◆ Task
An exact transcription is needed, starting with the line that contains "Aparece stripper en" and ending with the last line of the records.

◆ Provided entries
────────────────────
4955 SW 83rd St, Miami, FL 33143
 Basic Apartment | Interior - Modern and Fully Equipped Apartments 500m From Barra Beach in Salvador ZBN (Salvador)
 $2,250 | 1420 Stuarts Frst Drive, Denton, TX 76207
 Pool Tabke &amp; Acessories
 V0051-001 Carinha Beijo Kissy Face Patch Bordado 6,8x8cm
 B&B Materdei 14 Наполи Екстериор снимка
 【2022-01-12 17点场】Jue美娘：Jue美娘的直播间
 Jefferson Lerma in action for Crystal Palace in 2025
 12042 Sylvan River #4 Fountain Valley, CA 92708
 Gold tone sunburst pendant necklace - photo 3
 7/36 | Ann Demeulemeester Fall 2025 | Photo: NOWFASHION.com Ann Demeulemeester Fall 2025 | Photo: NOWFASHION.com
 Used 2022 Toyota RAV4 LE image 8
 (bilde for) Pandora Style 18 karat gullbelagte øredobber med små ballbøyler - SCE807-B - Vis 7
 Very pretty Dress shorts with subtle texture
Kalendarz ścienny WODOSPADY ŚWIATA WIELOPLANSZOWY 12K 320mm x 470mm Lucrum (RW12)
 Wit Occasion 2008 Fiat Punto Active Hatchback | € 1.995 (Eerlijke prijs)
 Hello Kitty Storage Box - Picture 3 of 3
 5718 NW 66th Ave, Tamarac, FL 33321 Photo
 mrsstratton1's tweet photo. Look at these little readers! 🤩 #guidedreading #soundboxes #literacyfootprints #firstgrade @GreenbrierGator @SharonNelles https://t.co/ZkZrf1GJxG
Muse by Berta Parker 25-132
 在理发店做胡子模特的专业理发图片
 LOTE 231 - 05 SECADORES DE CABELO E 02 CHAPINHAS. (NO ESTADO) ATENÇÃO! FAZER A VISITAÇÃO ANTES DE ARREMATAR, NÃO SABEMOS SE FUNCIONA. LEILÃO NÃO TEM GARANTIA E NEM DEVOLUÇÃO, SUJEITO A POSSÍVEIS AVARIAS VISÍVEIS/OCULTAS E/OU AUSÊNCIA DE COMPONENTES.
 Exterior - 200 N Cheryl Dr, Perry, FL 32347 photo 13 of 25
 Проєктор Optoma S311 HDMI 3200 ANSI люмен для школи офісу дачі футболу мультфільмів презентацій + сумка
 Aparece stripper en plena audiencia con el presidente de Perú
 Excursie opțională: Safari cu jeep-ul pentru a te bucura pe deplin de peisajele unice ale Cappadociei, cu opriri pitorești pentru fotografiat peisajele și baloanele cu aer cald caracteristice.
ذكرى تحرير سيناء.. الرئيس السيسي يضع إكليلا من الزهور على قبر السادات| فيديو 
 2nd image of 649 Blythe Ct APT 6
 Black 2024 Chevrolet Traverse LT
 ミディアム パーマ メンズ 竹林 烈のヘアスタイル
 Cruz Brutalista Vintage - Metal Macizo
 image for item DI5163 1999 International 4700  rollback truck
────────────────────
◆ Written response
 Aparece stripper en plena audiencia con el presidente de Perú
 Excursie opțională: Safari cu jeep-ul pentru a te bucura pe deplin de peisajele unice ale Cappadociei, cu opriri pitorești pentru fotografiat peisajele și baloanele cu aer cald caracteristice.
ذكرى تحرير سيناء.. الرئيس السيسي يضع إكليلا من الزهور على قبر السادات| فيديو 
 2nd image of 649 Blythe Ct APT 6
 Black 2024 Chevrolet Traverse LT
 ミディアム パーマ メンズ 竹林 烈のヘアスタイル
 Cruz Brutalista Vintage - Metal Macizo
 image for item DI5163 1999 International 4700  rollback truck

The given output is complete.